That is, a DPF (diesel particulate filter) according to the present invention is a diesel particulate filter that is provided in a diesel engine exhaust passage and provided with a particulate oxidation catalyst having a catalytic noble metal for burning particulates. The particulate oxidation catalyst comprises a zirconium-based double oxide containing zirconium as a main component and a rare earth metal excluding cerium and yttrium, and a rare earth metal or alkaline earth metal containing cerium as a main component and excluding cerium. Both of the cerium-based complex oxides contained, and the cerium-based complex oxides in a proportion of 10 mass% or more and 80 mass% or less with respect to the total mass of the zirconium complex oxide added. It is characterized that you have been mixed with the oxide It is intended.

  According to this invention, PM deposited on the filter can be burned efficiently and in a short time. This is presumed to be due to the following reason.

That is, since the zirconium-based complex oxide and the cerium-based complex oxide have oxygen ion conductivity, if PM adheres to the inside of the DPF and a portion having a locally low oxygen concentration is generated on the surface, Oxygen ions move from the high oxygen concentration through the complex oxide, and are sequentially released as active oxygen (O ₂ ⁻ ).

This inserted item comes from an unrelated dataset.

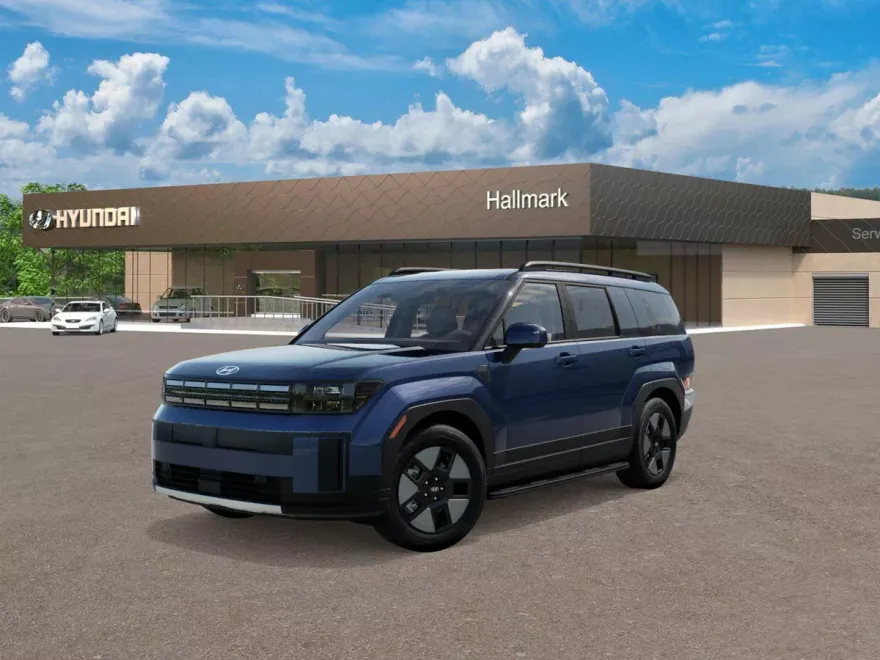 2026 Hyundai Santa Fe SEL photo 1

  This active oxygen reacts with PM containing carbon as a main component, that is, oxidizes PM to form a fire type. When this kind of fire is formed, the surrounding oxygen is deficient, but as described above, oxygen ions move sequentially through the zirconium-based oxide and cerium-based oxide, and active oxygen continues to the deficient site. Therefore, the combustion area is expanded around this fire type. In this way, since the fire kind generated at a certain site continuously burns and expands the combustion region, PM can be oxidized and burned efficiently even at a low temperature. For this reason, when the DPF is regenerated (PM combustion purification), even when fuel is supplied to the engine or the DPF, the fuel injection amount can be reduced, and the filter can be regenerated efficiently and in a short time. And fuel consumption can be improved.

  Moreover, as will be shown later in the experimental data, the amount of catalyst noble metal contained in the particulate oxidation catalyst used to achieve a combustion rate equivalent to that of the cerium-zirconium-based double oxide can be reduced. It becomes possible to manufacture a curate oxidation catalyst, and thus a diesel particulate filter, at a low cost.

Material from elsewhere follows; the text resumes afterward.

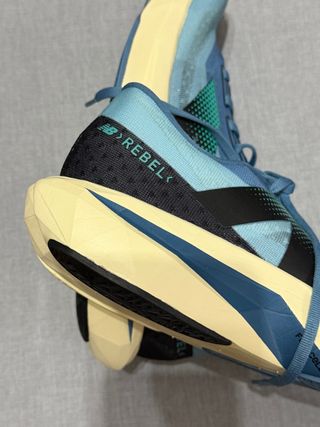 New Balance Rebel 4 Azul/Verde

Here, the reason why cerium is excluded from the rare earth metal of the zirconium-based double oxide is that the cerium-zirconium double oxide mainly functions as an oxygen storage material and has low oxygen ion conductivity. This is because the particulate oxidation catalyst containing zirconium-yttrium double oxide (ZrO ₂ —Y ₂ O ₃ ) is specified in the prior application (Japanese Patent Application No. 2004-83078) by the applicant of the present application. The present invention is based on the discovery of a zirconium-based double oxide that can obtain a better burning rate than the zirconium-yttrium double oxide as a result of further earnest studies.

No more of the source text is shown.